President Trump yesterday signed an executive order intended to change a federal law, Section 230 of the Communications Decency Act, that provides tech companies with civil liability protection for third-party content posted on their sites, reports the Washington Post. Trump has argued these protections allow Facebook, Google and Twitter to censor conservatives—a charge the companies deny. The order came largely in response to a decision by Twitter earlier this week to mark two of his incorrect tweets with fact-checking labels.
Twitter also hid behind a warning label two tweets sent by the President early this morning, writes NPR. The platform cautioned that the tweets were hidden for “glorifying violence.” In the messages, Trump said he would “send in the National Guard” to restore order in Minneapolis, which has seen protests in response to the death of George Floyd, a black man pinned to the ground and choked by a white police officer. The president added to his tweet: “When the looting starts, the shooting starts.”
President Trump also said yesterday that he is directing Attorney General William Barr to work with states to enforce their own laws against what he described as deceptive business practices by social media companies like Twitter, according to Reuters.
The Senate Homeland Security Committee will vote next week to authorize subpoenas as part of a Republican-led effort to investigate the origins of the Russia probe that led to the routine “unmasking” of President Trump’s associates, reports Politico.
The Texas Supreme Court on Wednesday blocked an effort by Democrats in the state to expand voting by mail, ruling that a lack of immunity to COVID-19 does not qualify a voter to apply for a mail-in ballot, writes NBC.
The Justice Department charged 28 North Korean and five Chinese citizens with acting as agents of North Korea’s state-owned bank to evade U.S. sanctions law, according to Reuters. North Korea’s Foreign Trade Bank allegedly conspired with the employees charged in the case to process at least $2.5 billion in illegal payments to support the country’s nuclear weapons program.
The Trump administration is considering defying Congress by selling missiles worth $478 million to Saudi Arabia, reports the New York Times. Lawmakers in both parties have repeatedly objected to the United States continuing to supply Riyadh with weapons it has used in strikes on civilians in Yemen.
President Trump will likely approve a measure that would impose sanctions on top Chinese officials responsible for imprisoning more than one million muslim Uighurs in internment camps, after the bill passed the House yesterday, writes Bloomberg.
The National Security Agency (NSA) says that Sandworm, the Russian military hacking group that interfered in the 2016 U.S. presidential election, has also been exploiting a major email server program since at least last August, according to the Associated Press.
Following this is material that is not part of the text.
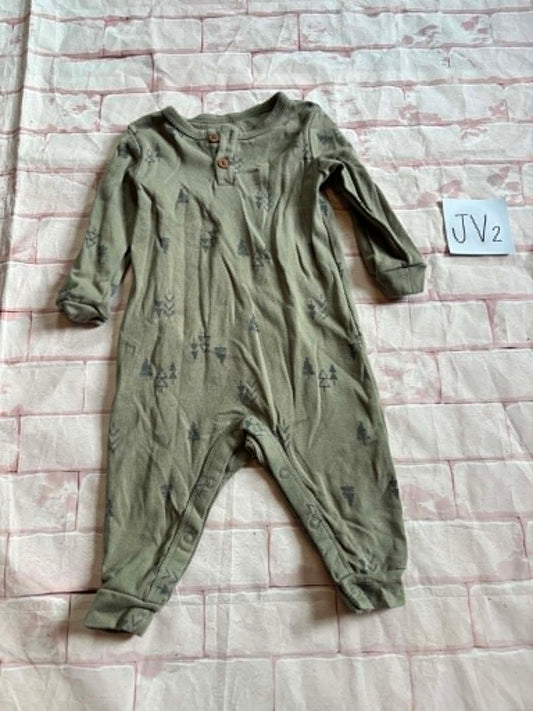 Outfits Size 6-12m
The vulnerability was identified 11 months ago, when a patch was issued, though some companies and governments may still not have fixed the vulnerability.
ICYMI: Yesterday on Lawfare
Preston Lim analyzed a Canadian judge’s dismissal of Huawei CFO Meng Wanzhou’s application to end hearings on her potential extradition to the United States.
Jen Patja Howell shared an episode of the Lawfare Podcast discussing a Malaysian law ostensibly aimed at stamping out disinformation with Gabrielle Lim, a researcher at Harvard Kennedy School’s Shorenstein Center.
Mara Revkin reviewed Darryl Li’s “The Universal Enemy: Jihad, Empire, and the Challenges of Solidarity.
Elliot Setzer shared an indictment from the Justice Department bringing charges against North Korean bank officials.
Julian Ku analyzed Secretary of State Mike Pompeo’s refusal to certify that Hong Kong is autonomous from China.
Omar Rahman argued that years of dereliction has left the Palestine Liberation Organization facing annexation without a plan.